Fluconazole: Fluconazole may increase the effect of the benzodiazepine, clorazepate.

Fosamprenavir: Fosamprenavir may increase the effect and toxicity of the benzodiazepine, clorazepate.

Fosphenytoin: Fosphenytoin may increase the metabolism of clorazepate via CYP3A4.

Indinavir: The protease inhibitor, indinavir, may increase the effect of the benzodiazepine, clorazepate.

Itraconazole: Itraconazole may increase the effect of the benzodiazepine, clorazepate.

Kava: Kava may increase the effect of the benzodiazepine, clorazepate.

Ketoconazole: Ketoconazole may increase the effect of the benzodiazepine, clorazepate.

Mephenytoin: Mephenytoin may increase the metabolism of clorazepate via CYP3A4.

Nelfinavir: The protease inhibitor, nelfinavir, may increase the effect of the benzodiazepine, clorazepate.

Omeprazole: Omeprazole may increase the effect of the benzodiazepine, clorazepate.
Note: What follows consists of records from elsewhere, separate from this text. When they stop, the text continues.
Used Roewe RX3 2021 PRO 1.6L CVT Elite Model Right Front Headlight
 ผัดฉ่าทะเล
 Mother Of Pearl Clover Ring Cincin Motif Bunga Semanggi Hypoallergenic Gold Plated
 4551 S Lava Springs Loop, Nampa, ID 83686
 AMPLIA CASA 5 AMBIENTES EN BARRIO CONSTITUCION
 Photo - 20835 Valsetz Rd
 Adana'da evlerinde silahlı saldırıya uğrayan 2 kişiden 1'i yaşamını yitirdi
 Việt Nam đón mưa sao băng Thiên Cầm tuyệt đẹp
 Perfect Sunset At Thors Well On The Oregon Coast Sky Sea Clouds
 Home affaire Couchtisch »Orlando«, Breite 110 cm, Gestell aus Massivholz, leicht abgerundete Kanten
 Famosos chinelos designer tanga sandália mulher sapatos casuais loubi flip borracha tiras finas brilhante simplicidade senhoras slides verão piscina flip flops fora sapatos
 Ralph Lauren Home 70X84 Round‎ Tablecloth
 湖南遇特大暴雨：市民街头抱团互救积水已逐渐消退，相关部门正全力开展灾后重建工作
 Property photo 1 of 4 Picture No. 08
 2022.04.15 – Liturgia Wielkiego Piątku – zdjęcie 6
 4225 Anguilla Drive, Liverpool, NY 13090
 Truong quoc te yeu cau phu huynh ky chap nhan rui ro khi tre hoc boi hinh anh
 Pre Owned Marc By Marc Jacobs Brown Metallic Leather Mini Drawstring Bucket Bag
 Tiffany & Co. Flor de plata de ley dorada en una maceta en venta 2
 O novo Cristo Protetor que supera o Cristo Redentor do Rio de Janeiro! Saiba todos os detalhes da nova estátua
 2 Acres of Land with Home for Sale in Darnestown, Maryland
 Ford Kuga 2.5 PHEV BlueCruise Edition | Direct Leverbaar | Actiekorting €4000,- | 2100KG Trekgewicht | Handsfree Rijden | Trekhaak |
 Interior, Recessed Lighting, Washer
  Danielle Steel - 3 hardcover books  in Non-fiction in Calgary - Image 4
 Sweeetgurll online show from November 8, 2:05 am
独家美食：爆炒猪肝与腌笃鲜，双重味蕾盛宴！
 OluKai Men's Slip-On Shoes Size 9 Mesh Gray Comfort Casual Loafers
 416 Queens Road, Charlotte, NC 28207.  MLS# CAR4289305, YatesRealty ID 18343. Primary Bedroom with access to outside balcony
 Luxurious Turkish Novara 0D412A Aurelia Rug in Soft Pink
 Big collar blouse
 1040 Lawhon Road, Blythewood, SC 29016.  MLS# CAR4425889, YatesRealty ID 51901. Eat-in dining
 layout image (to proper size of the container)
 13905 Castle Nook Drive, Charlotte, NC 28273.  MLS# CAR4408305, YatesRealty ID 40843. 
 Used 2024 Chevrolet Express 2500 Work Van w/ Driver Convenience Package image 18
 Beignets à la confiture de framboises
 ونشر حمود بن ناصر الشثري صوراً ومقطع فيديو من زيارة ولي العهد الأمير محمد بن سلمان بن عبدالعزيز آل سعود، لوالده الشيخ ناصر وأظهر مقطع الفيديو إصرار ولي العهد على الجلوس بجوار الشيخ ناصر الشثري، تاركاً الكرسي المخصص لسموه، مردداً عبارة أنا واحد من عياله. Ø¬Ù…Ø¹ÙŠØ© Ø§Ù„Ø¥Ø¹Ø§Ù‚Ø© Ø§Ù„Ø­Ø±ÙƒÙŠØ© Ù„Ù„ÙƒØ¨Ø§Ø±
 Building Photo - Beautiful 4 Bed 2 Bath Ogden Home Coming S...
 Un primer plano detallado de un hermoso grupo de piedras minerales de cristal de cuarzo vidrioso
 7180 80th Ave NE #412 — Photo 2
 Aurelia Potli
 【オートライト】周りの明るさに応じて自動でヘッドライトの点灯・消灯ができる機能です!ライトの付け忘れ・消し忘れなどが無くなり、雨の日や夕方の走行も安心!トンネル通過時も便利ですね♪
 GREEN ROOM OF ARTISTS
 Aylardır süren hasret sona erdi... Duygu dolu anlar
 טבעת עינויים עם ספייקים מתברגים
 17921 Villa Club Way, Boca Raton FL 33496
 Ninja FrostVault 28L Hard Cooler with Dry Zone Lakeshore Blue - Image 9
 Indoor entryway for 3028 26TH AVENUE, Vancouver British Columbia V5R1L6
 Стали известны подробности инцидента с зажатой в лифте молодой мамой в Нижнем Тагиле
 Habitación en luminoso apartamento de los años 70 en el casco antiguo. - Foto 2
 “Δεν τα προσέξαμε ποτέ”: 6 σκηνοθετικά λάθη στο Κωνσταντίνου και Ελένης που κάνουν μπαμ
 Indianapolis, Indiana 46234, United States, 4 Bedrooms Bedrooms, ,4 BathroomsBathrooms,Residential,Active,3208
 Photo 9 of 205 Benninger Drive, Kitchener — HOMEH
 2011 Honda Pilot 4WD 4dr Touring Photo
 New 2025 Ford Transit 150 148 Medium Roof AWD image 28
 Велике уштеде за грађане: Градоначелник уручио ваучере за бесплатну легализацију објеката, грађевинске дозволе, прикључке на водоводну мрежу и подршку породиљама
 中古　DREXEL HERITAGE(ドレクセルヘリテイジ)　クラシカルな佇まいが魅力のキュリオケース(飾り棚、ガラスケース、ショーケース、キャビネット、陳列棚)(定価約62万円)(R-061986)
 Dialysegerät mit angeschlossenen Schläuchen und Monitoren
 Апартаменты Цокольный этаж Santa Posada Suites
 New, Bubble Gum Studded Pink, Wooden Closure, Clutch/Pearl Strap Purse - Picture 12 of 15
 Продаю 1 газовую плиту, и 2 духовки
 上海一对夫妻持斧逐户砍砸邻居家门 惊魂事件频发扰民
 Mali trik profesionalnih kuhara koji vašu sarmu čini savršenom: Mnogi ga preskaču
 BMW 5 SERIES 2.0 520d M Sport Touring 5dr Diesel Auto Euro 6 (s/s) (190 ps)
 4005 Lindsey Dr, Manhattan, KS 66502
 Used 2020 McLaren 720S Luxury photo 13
Phenytoin: Phenytoin may increase the metabolism of clorazepate via CYP3A4.

Ritonavir: The protease inhibitor, ritonavir, may increase the effect of the benzodiazepine, clorazepate.

Saquinavir: The protease inhibitor, saquinavir, may increase the effect of the benzodiazepine, clorazepate.

Telithromycin: Telithromycin may reduce clearance of Clorazepate. Consider alternate therapy or monitor for changes in the therapeutic/adverse effects of Clorazepate if Telithromycin is initiated, discontinued or dose changed.

Tipranavir: Tipranavir may decrease the metabolism and clearance of Clorazepate. Consider alternate therapy or monitor for Clorazepate toxic effects if Tipranavir is initiated or dose increased.

Triprolidine: The CNS depressants, Triprolidine and Clorazepate, may increase adverse/toxic effects due to additivity. Monitor for increased CNS depressant effects during concomitant therapy.

Voriconazole: Voriconazole may increase the serum concentration of clorazepate by decreasing its metabolism. Monitor for clorazepate toxicity if voriconazole is initiated or dose increased.